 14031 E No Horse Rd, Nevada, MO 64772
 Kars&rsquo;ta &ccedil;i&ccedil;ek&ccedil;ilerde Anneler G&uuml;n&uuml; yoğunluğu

---

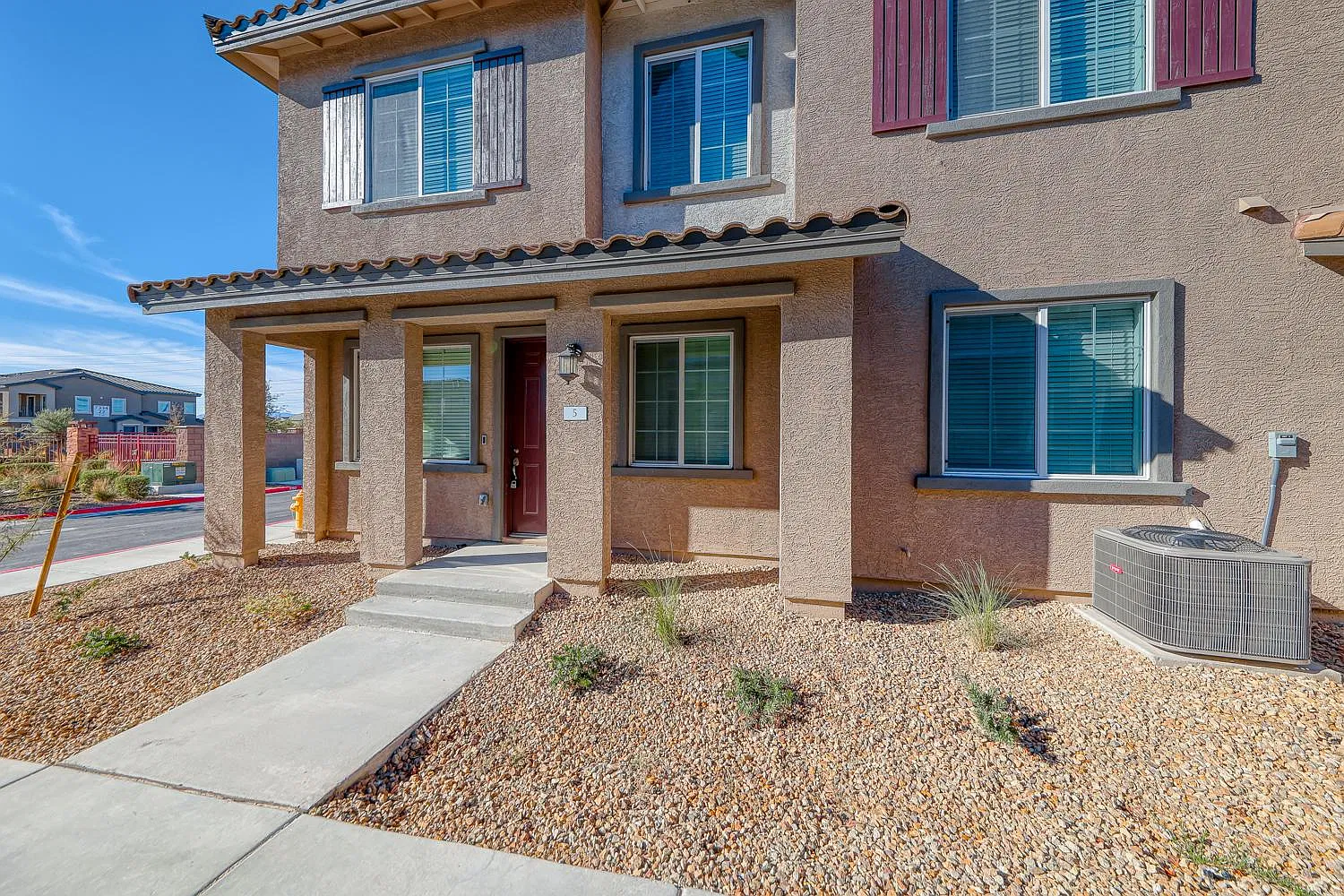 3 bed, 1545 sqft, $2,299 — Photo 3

__DIRECTIONS FOR THIS TASK__
Using the entries above, give back exactly the line containing "14031 E No Horse Rd, Nevada, MO 64772", the line containing "Kars&rsquo;ta &ccedil;i&ccedil;ek&ccedil;ilerde Anneler", and every line between them, and nothing else.

__SOLVED EXERCISE__
 14031 E No Horse Rd, Nevada, MO 64772
 Kars&rsquo;ta &ccedil;i&ccedil;ek&ccedil;ilerde Anneler G&uuml;n&uuml; yoğunluğu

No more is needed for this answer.